Re: copyin+copyout in one step ?

From: Alfred Perlstein <bright_at_mu.org> Date: Mon, 27 May 2013 18:10:11 -0700 · This archive was generated by hypermail 2.4.0 : Wed May 19 2021 - 11:40:38 UTC

On 5/27/13 4:56 PM, Alfred Perlstein wrote:
> On 5/27/13 4:38 PM, Luigi Rizzo wrote:
>> Hi,
>> say a process P1 wants to use the kernel to copy the content of a
>> buffer SRC (in its user address space) to a buffer DST (in the
>> address space of another process P2), and assume that P1 issues the
>> request to the kernel when P2 has already told the kernel where the
>> data should go:
>>
>>           P1                        P2
>>          +------+                 +--------+
>>          | SRC  |                 | DST    |
>>          +--v---+                 +--^-----+
>>     --------|------------------------|----------
>>             |                        |    kernel
>>             |                        ^
>>
>>             |                        |
>>             |      +--------+        |
>>             +----->| tmpbuf +--------+
>>              copyin|        | copyout
>>              P1 ctx+--------+  P2 ctx
>>
>> I guess the one above is the canonical way: P1 does a copyin() to a
>> temporary buffer, then notifies P2 which can then issue or complete
>> a syscall to do a copyout from tmpbuf to DST in P2's context.
>>
>>
>> But I wonder, is it possible to do it as follows: P2 tells the kernel
>> where the data should go (DST); later, P1 issues a system call and
>> through a combined "copyinout()" moves data directly from SRC to DST,
>> operating in the context of P1.
>>
>>             |      copyinout() ?     |
>>             +------------>-----------+
>>                     issued by P1
>>
>>
>> Is this doable at all ? I suspect that "tell DST to the kernel"
>> might be especially expensive as it needs to pin the page
>> so it is accessible while doing the syscall for P1 ?
>> (the whole point for this optimization is saving the extra
>> copy through the buffer, but it may be pointless if pinning
>> the memory is more expensive than the copy)
>>
> I suspect you'll want to use something like vslock(9) and sf_bufs.
>
> Have a look at vm/vm_glue.c -> vslock() vm_imgact_hold_page().
>
> On amd64, I *think* mapping an sfbuf or if you are really evil you can 
> optimistically wire the page in the vm (cheap).
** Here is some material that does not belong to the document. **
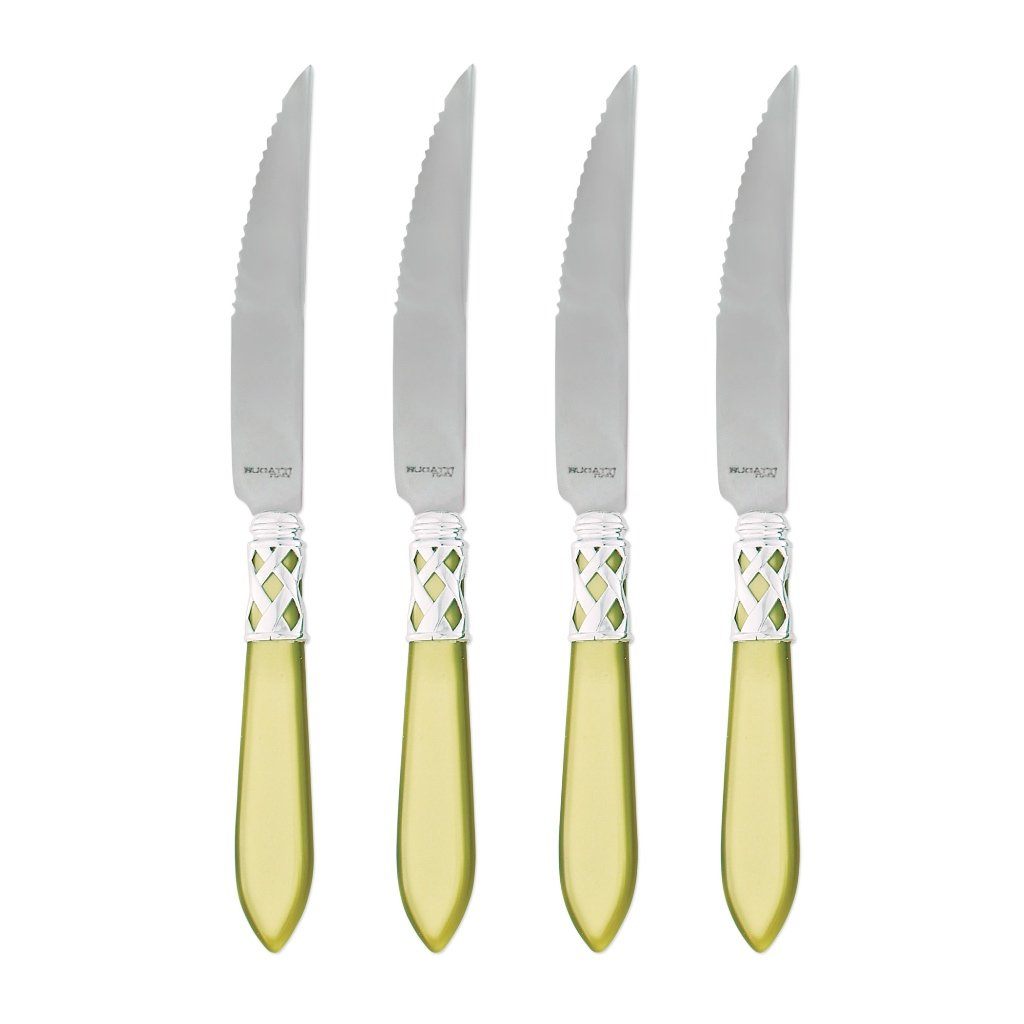 Vietri Aladdin Set of 4 High - Glossy Chrome Finish Steak Knives for Sophisticated Dining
If it's present then 
> you can just use the direct map to access it. However, if it's not 
> present, then fall back to another  method, or maybe just fault it in 
> (which will have to happen anyhow) and then retry.
>
> Sounds like a cool project!
>
> -Alfred
Oh, one other thing.. look at the pipe code.  It used to do what you 
suggest, I think however it was driven by the READER pinning the 
WRITER's address space and doing a direct copy.  However it may not be 
optimized for NOT-mapping into kva as I suggested doing.

-Alfred